“Political suicide,” one of Governor Sanford’s friends texted me today. Considering the prognosis of South Carolina’s condition, perhaps political death by one’s own hand is preferable to governing.
Our economic infrastructure, too long dependent on manufacturing, has completely unraveled (and as John McCain famously said, “Those jobs are not coming back.”). There is no plan for rebuilding, just the same vision-less oligarchy spouting the same anti-tax , anti-USA rant. There is no plan to increase health care access, just the same tobacco company bribery of the same corrupt politicians. There is no real plan to improve the public schools, just the same attempt to steal public assets and give them to private businesses and religious organizations. We’re dying here, so maybe a little extra painkiller in the IV wouldn’t be so bad. Maybe we should all go hiking the Argentinian Trail.
South Carolina’s collapse is not solely the result of Governor Sanford’s policies—the world-wide economic slowdown would have arrived here sooner or later. (The world, as the Governor used to say, is flat.) But the raid on the state Treasury by the oligarchy (one of whose members is the Governor) tipped us over the edge fiscally. Instead of the prosperity that was supposed to result from “returning money to the taxpayers,” all we got was chaos—at every level of government: municipal, county and state. We started out fiscal year 2007 with a $1.5 billion surplus and ended it with a $200 million deficit. That was reckless and selfish and the people of South Carolina are going to suffer a long time for it. Governor Sanford joined with the leadership of the South Carolina GOP to celebrate the Libertarian investor’s paradise they had built on the beaches of Edisto, Isle of Palms and Hilton Head. It was the last political victory of any size that he would celebrate.
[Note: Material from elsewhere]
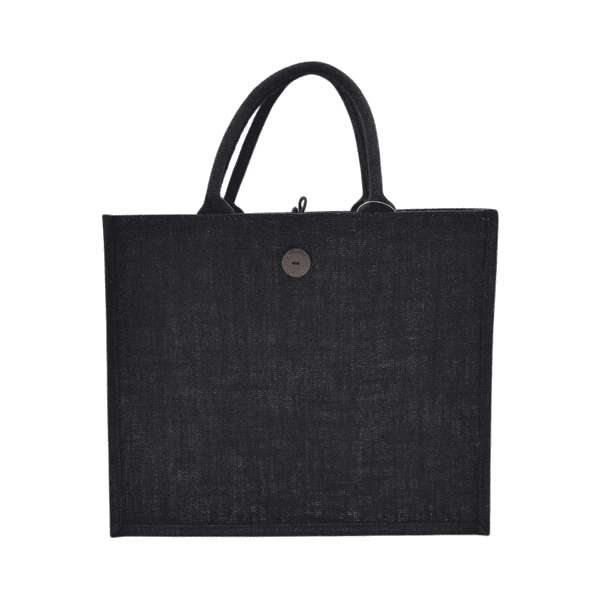 Nubo - Jute Bag 1 (1) Nubo - Jute Bag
I met him a number of times over the past six years, and worked closely with his staff on a number of issues. I found that we agreed on way more things than I cared to admit. It was unsettling to my liberal sensitivities. But it was good to be able to see him in broader, deeper colors than the black he was painted by his enemies. No matter that I like him; Mark Sanford is afflicted with a reckless tendency to seek his own interest before that of others. Untethered, that tendency is murderous of all that is good and holy. I know. I’ve unleashed it too many times myself, always to ruinous results. Even as I like him, I am like him, we are all like him.
I like having a nice house that is assessed only $800 per year in taxes. I like it because I am reckless and selfish. I should hate the fact that I only pay $800 a year in real estate taxes and get thousands of dollars more in services, because somebody else is paying for them. Watching the unraveling of Governor Sanford’s life over the past few days reminds me of how much harder I have to work to overcome my own reckless selfishness.
For it always leads to death. Always.